Important caveat for value transfer applications: When Ghost Protocol is used for token transfers (as in Ghostcoin), the smart contracts also record transaction metadata — who deposited, how much, who withdrew. The unlinkability guarantee means observers cannot connect a specific deposit to a specific withdrawal, but the individual transactions are visible. See What Exists and What Doesn't for a full accounting.

Why This Matters

The commit-reveal primitive enables several categories of applications:

Credentials that cannot be leaked. A credential issued as a commitment can be verified without revealing the credential itself. The verification proves you have it without exposing what "it" is.

Access that cannot be revoked. A one-time access token cannot be rescinded after issuance. Once granted, the holder has irrevocable access until they choose to use it.

Disclosures that cannot be premature. Information can be committed now and revealed later, with cryptographic certainty that it cannot be revealed by anyone else in the interim.

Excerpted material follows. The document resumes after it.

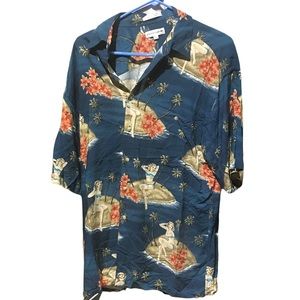 Pierre Cardin Button Down Hawaiian Shirt Size Large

Value transfers that cannot be traced. When applied to tokens (as in Ghostcoin), the commit-reveal primitive breaks the link between deposits and withdrawals. Combined with a burn-and-mint model, this creates unlinkable value transfers. (Note: the contract owner can pause the system — see Risks.)

What This Document Covers

This whitepaper explains Ghost Protocol as a system, not as a product. It covers:

  1. The Core Model - The commit-once, reveal-once paradigm and what the commitment preimage's absence from the chain means
  2. The Lifecycle of Data - What happens at each stage and where data actually lives
  3. What Ghost Protocol Enables - Categories of applications, not specific products
  4. Ghostcoin - Why a token exists and what it proves about the protocol
  5. Why This Is Different - Honest comparison to other privacy approaches
  6. Risks and Tradeoffs - What can go wrong and what is intentionally unsupported
  7. For Investors - Why this is infrastructure, not just another application
  8. Where This Runs - The execution environment and current status
  9. What Exists Today - Concrete facts, not promises

If you are looking for code, APIs, or integration guides, see the Developer Documentation.


Ghost Protocol is a commit-reveal primitive. The commitment preimage never exists on-chain. The link between commit and reveal is cryptographically broken. Everything else — tokens, value transfer, Ghostcoin — is an application built on top of this foundation.